The content in those no-recall sections are also not used for recalling the pages in response to search engine queries.

7) While the information in the no-recall sections are ignored in search results, it is included as input to the analysis of pages that can affect such things as a page’s ranking.

8 ) Links within no-recall sections may be followed by the search crawling program to discover new content.

9) A page may also be analyzed for the amount of advertisements or other features that it contains, even though those may have been placed in no-recall sections using a “robots-nocontent” section by a webmaster.

10) The reason why Yahoo might explore what is contained in these no-recall sections is to keep people from including search engine spam in those sections. For example, a page that contains a very large amount of advertisements or low quality links, even within no-recall sections, might be identified and “ranked accordingly.”

Example of the Use of a No-Recall Tag

A webmaster uses a <div class=”robots-noindex”> tag around a pages copyright notice, navigation pane section, links to related blogs, and an ad section.

Inside the ad section, the term “shoes” appears, and it doesn’t show up anywhere else on the page. The page will not be recalled by the search engine on a search query for the word “shoes”.

If the word “shoes” is included in other portions of that page, then the page will be recalled for the query.

While content within a section marked by a class=”robots-noindex” in a HTML element is not indexed by a search engine index, when the page is recalled by a search engine for a search query, the element is considered for spam and relevancy analysis, with attributes in all of the sections of the page, such as “links”, frequency of terms, coloring, font, etc.

When Yahoo Determines No-Recall Sections Itself

Webmasters can mark sections of pages so that content in those sections aren’t returned for searches for content contained within no-recall sections. The search engine may decide to designate some sections of pages as no-recall sections on its own.

Here are the steps involved in this process:

1) The search engine parses through the HTML code of a page to determine various logical sections.

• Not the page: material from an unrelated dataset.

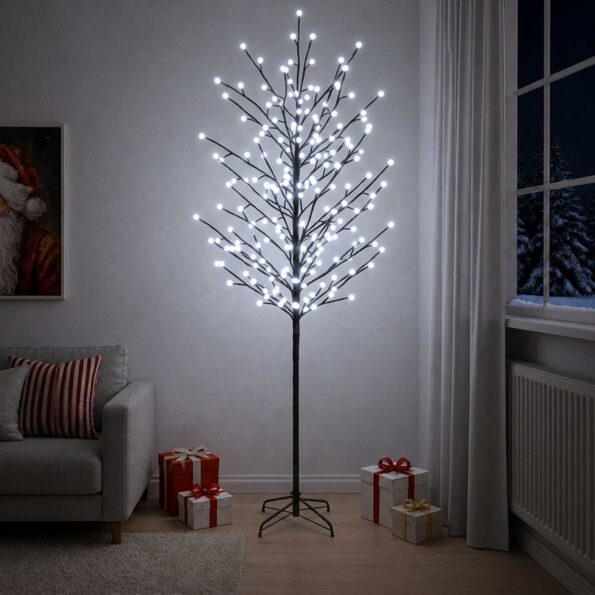 vidaXL LED vianočný stromček Čierna 47 x 210 cm Oceľ 250 LED – Obrázok 3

2) The content within each section is analyzed , by creating an abstract document model using a number of possible approaches. Attributes are looked at in that analysis, such as ‘the number, frequency and order of appearance of terms, fonts, and colors.” In addition, outgoing links within different sections are also analyzed, reviewing such things as “where the links lead, the link text and link quantity and quality.”

3) The sections of a page are rated based upon how relevant they may be to the main topic of the page, using a number of possible methods.

4) Some other methods may be used to identify a no-recall section, such as frequency of change of the contents of a section, compared to the contents of the rest of the page. For instance, a section for ads may change on every visit to a page, while the rest of the sections don’t change at all. Some sections may be the same on every page of a site, such as the copyright and title sections.

5) Sections with ratings that indicate they are no-recall sections are designated by the search engine, as well as the sections marked with a “robots-noindex” tag by webmasters.

Conclusion

I’ve written previously about how Yahoo might break down a page into sections, and attempt to find the “most important section” of that page in The Importance of Page Layout in SEO. This newer patent application shows us how a search engine might take an analysis like that, and use it to ignore some of the sections of pages.

When you put your pages together, keep in mind that a search engine might only be indexing some parts of your pages, regardless of whether you use something like a “robots-noindex” tag around some of those sections or not.